The thousand princely sons of King Uncontentious Mind cast aside this impure land and went off to seek a pure land. And as a result, what became of this sahā world of ours? In all the other worlds in the ten directions, if there were persons who murdered their parents, slandered the correct teaching, or put to death the sages, these persons were taken from their respective lands and banished to this sahā world. It was comparable to the way in which here in Japan those guilty of committing major crimes are thrown into prison.
Because the king’s sons had no power to remedy the situation, they did not take merciful action but instead abandoned this world and went elsewhere. Only one person, the Brahman Treasure Sea, resolved to take action and to become the teacher of this sahā world. The Brahman Treasure Sea made a vow, saying, “I vow that in a future existence I will become a Buddha in this impure and evil world. Then I will gather together the living beings who have been excluded from the pure lands in the ten directions and will lead them to salvation.”
Now King Uncontentious Mind was the Buddha Amida, and his thousand princely sons were those we now know as the bodhisattvas Perceiver of the World’s Sounds, Great Power, Universal Worthy, Manjushrī, and so forth. And the Brahman Treasure Sea we now know as the Thus Come One Shakyamuni. All the living beings of this sahā world, who have been abandoned by the Buddhas of the ten directions—it is Shakyamuni alone who can save them. He has said, “I am the only person who can rescue and protect others.”1
Nichiren
To Matsuno
677Background
This letter was sent to the lay priest Matsuno Rokurō Saemon of Suruga Province. It is thought to have been written at Minobu in 1276. In it, Nichiren Daishonin refers to events described in the Compassionate White Lotus Flower Sutra. The sutra illustrates the contrast between Shakyamuni’s attainment of Buddhahood in the impure sahā world and his compassionate practice to save the people there from sufferings, and Amida’s attainment of Buddhahood in a remote pure land. It depicts Shakyamuni in a past existence as the Brahman Treasure Sea, a minister of the king Uncontentious Mind, whom it identifies as Amida Buddha in a past life. The king and his thousand princes attain rebirth in pure lands and become Buddhas. The minister, however, vows to be reborn in the sahā world, attain Buddhahood, and there strive to relieve the people of their sufferings. This behavior of the Brahman Treasure Sea, the Daishonin concludes, accords with Shakyamuni’s statement in the Lotus Sutra, “I am the only person who can rescue and protect others.”
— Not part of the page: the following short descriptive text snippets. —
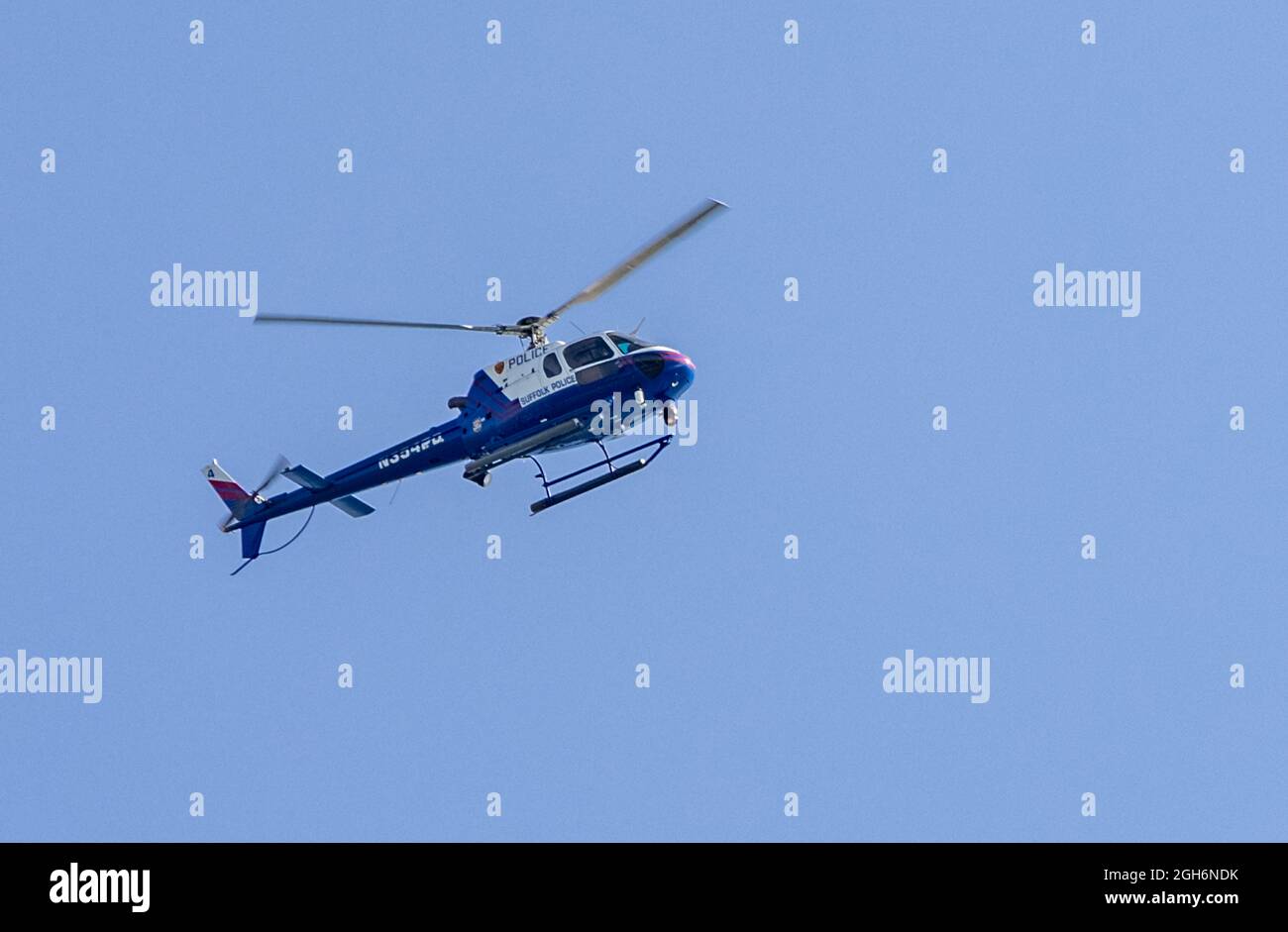 Hélicoptère du département de police du comté de Suffolk survolant Montauk point, Montauk, NY Banque D'Images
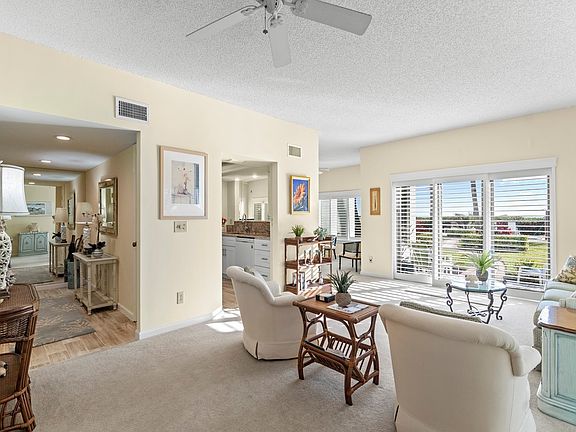 3rd image of 1700 Ocean Dr APT 107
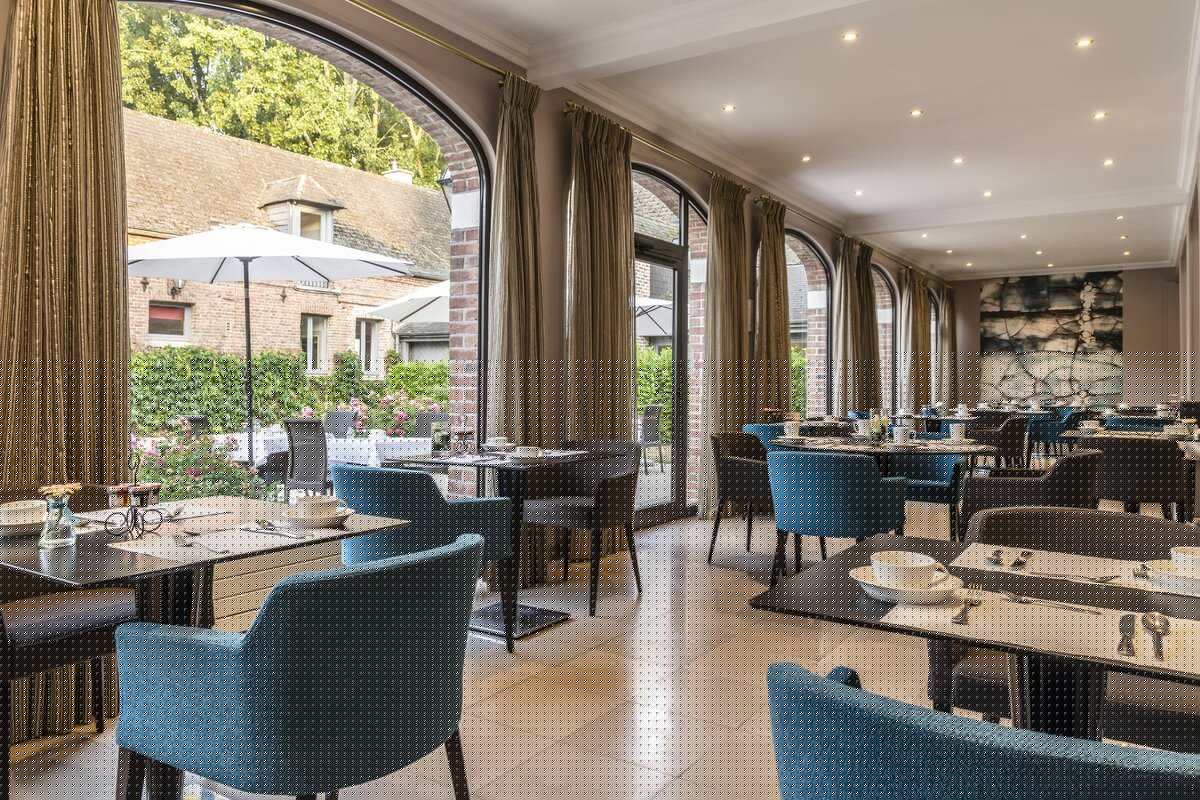 Najeti Hotel Chateau Tilques Salle PDJ (credit photos Chantal Garcin Photographe)(Copier)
The Pure Land, or Nembutsu, teaching advocates calling on the name of Amida Buddha to be reborn in his Pure Land of Perfect Bliss. The above story from the sutra illustrates a point the Daishonin often made, that Amida is a Buddha who has no connection with this real world, and is thus unable to save the people here. In contrast, Shakyamuni Buddha is “the only person who can rescue and protect others.”